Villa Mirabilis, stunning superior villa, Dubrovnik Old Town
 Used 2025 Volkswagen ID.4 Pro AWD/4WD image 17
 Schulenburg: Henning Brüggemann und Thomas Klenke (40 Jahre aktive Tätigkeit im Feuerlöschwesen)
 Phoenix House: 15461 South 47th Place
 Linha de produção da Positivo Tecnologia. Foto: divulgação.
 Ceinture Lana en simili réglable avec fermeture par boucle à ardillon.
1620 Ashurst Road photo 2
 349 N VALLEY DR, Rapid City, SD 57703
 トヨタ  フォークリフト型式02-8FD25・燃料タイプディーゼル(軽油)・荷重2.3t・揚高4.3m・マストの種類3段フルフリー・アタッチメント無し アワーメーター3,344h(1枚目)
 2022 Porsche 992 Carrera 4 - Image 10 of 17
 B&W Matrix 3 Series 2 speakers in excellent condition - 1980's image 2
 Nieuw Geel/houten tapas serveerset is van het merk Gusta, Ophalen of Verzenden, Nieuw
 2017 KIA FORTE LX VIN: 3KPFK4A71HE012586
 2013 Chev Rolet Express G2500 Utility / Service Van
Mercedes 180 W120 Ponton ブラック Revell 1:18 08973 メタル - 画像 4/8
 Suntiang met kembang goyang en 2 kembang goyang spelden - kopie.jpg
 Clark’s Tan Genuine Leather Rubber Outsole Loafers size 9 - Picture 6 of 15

☆ ☆ ☆

● Your instructions
Everything from the line with "349 N VALLEY DR, Rapid City, SD 57703" to the end of the listing, and only that, is to be set down exactly, line by line.

● Your response
 349 N VALLEY DR, Rapid City, SD 57703
 トヨタ  フォークリフト型式02-8FD25・燃料タイプディーゼル(軽油)・荷重2.3t・揚高4.3m・マストの種類3段フルフリー・アタッチメント無し アワーメーター3,344h(1枚目)
 2022 Porsche 992 Carrera 4 - Image 10 of 17
 B&W Matrix 3 Series 2 speakers in excellent condition - 1980's image 2
 Nieuw Geel/houten tapas serveerset is van het merk Gusta, Ophalen of Verzenden, Nieuw
 2017 KIA FORTE LX VIN: 3KPFK4A71HE012586
 2013 Chev Rolet Express G2500 Utility / Service Van
Mercedes 180 W120 Ponton ブラック Revell 1:18 08973 メタル - 画像 4/8
 Suntiang met kembang goyang en 2 kembang goyang spelden - kopie.jpg
 Clark’s Tan Genuine Leather Rubber Outsole Loafers size 9 - Picture 6 of 15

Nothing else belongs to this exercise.